Train schedules
Introduction
This project aims to observe how a railway user of the middle of the 19th century could travel between some cities such as Paris, Lyon, Geneva or Marseille in regards to nowadays. Several aspects of the trip have been looked into, the journey path, the schedules of the trains and the price of the tickets. All of these informations come from a single document that contains both a timetable and a map of the railway network and have been computed into a website, so one can look for a trip and find easily all the informations needed. This whole project puts into perspective how the evolution of transports, in this particular example trains, have made the world much more connected and travelling much easier.
The document
This project will focus on this old train schedules from 1858. It has been found in the Bibliothèque Nationale de France's (BNF) digital library, Gallica. This document belongs to BNF's department of maps and is in free access, as all the document presented in Gallica.

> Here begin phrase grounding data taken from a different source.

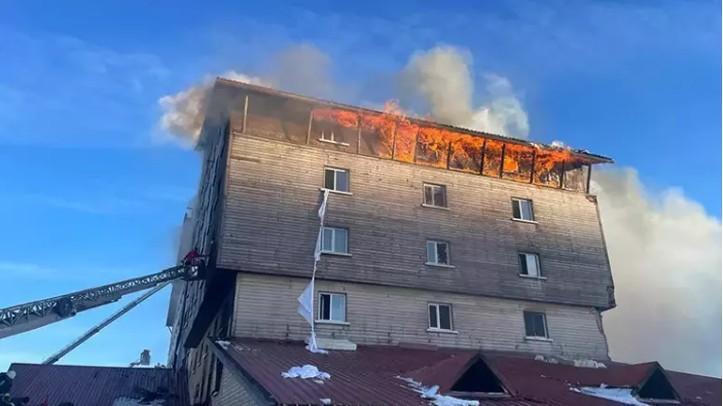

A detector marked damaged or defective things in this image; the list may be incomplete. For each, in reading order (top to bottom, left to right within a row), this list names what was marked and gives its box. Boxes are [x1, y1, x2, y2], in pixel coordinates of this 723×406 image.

broken window [246, 93, 312, 144]
broken window [416, 127, 450, 167]
broken window [450, 135, 484, 173]
broken window [480, 140, 504, 176]
broken window [504, 143, 536, 181]
broken window [324, 168, 350, 193]
broken window [424, 184, 446, 209]
broken window [512, 197, 536, 220]
broken window [322, 225, 348, 254]
broken window [428, 239, 450, 264]
broken window [520, 252, 544, 278]
broken window [320, 294, 348, 322]
broken window [430, 302, 452, 332]
broken window [528, 310, 548, 340]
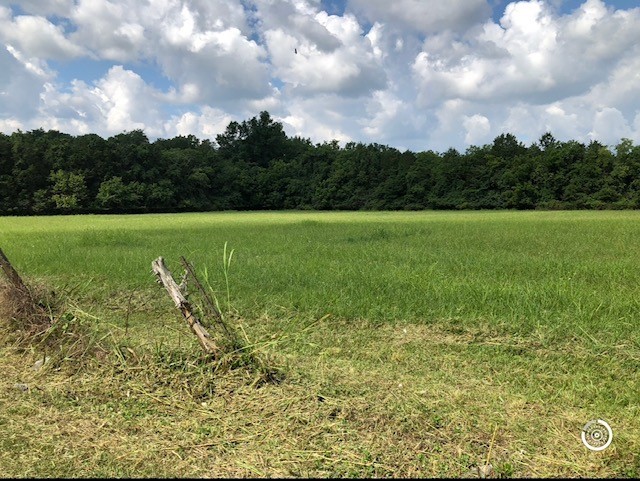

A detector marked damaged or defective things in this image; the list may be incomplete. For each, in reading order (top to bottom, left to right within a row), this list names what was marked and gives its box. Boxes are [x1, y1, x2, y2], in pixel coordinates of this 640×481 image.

broken wooden stake [151, 256, 221, 354]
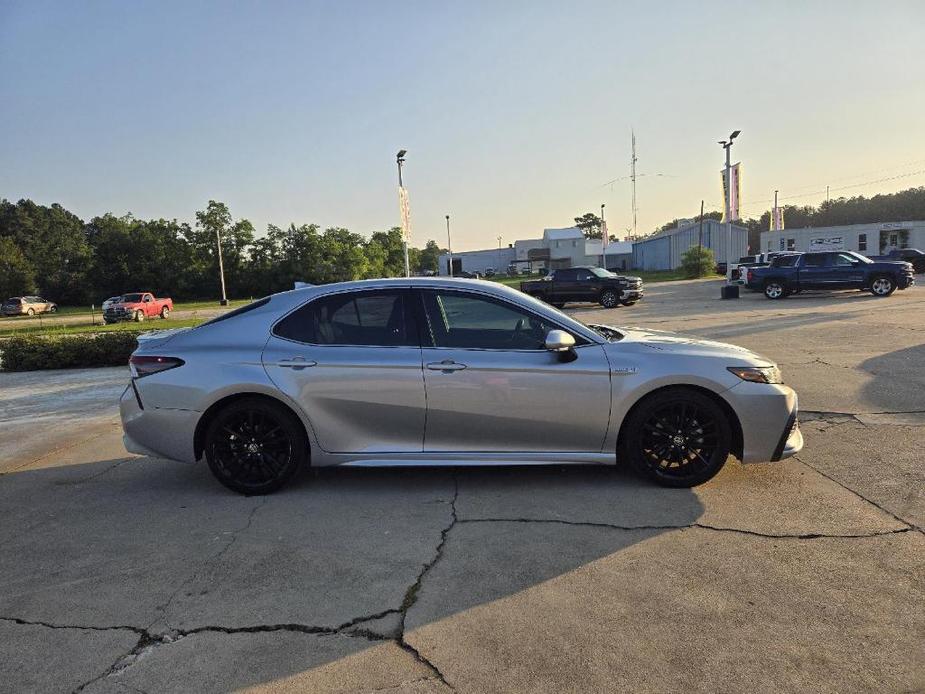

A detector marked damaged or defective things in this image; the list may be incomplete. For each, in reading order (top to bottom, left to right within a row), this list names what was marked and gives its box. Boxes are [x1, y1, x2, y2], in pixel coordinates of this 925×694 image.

crack in pavement [454, 520, 908, 540]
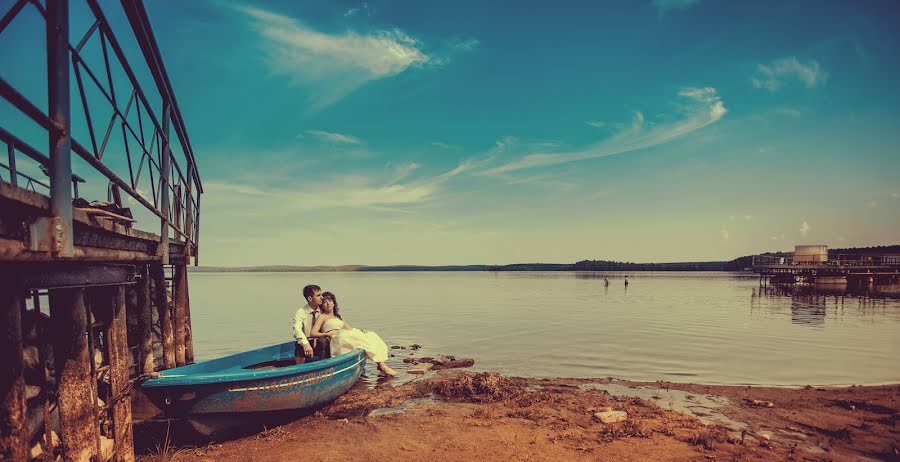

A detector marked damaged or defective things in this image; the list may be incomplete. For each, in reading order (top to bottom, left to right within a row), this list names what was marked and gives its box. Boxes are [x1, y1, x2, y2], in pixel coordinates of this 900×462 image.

rusty metal pier [1, 1, 202, 460]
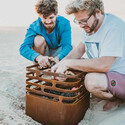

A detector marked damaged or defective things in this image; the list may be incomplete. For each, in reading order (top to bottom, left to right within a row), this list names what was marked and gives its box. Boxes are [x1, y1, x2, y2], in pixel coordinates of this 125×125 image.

rusty corten steel fire pit [25, 64, 90, 124]
rusted metal surface [25, 64, 90, 125]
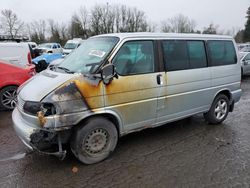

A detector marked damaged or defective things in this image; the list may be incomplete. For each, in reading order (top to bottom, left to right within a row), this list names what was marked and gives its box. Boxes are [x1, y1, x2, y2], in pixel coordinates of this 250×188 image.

burned front bumper [11, 108, 70, 159]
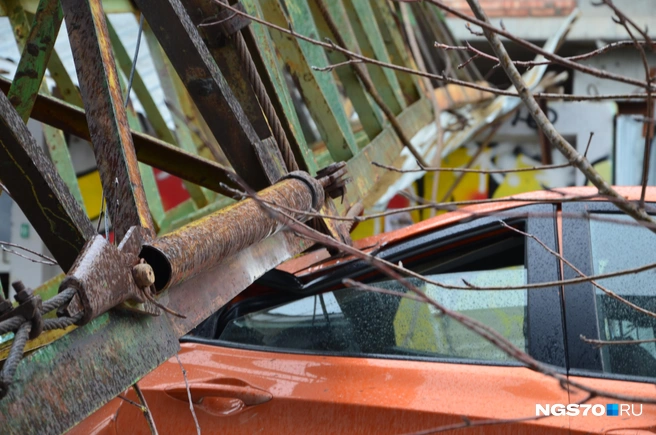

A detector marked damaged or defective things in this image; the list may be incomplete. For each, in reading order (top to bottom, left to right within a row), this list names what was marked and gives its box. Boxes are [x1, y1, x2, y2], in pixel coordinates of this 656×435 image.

corroded metal [0, 90, 94, 270]
corroded metal [60, 0, 154, 242]
rusty pipe [145, 172, 326, 292]
corroded metal [145, 175, 326, 292]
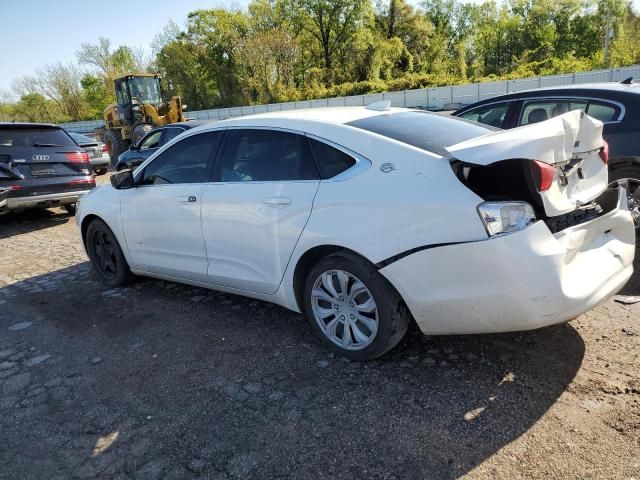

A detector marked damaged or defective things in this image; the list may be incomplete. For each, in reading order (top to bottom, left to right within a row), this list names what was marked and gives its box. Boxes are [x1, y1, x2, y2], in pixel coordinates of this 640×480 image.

damaged white car [76, 106, 636, 360]
damaged car in background [76, 106, 636, 360]
crumpled rear bumper [380, 186, 636, 336]
crushed trunk lid [448, 109, 608, 217]
broken taillight lens [528, 160, 556, 192]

It has been made by Alfred Potiquet (1820-1883), a civil engineer known for being responsible of the first stamp catalogue in the world, in 1861. Its exact title is Chemin de fer de Lyon à Genève. Marche des trains depuis le 10 novembre 1858. Correspondances avec les chemins de fer de France, de Suisse & d'Italie. As the title implies, it contains the complete timetable for train between Lyon and Geneva, but also the connections between Swiss, French and Italian trains. It has been decided to focus the project on this last aspect, since it is more relevant for us to know how long it takes to go from Paris to Geneva than from Montluel to Bellegarde for example.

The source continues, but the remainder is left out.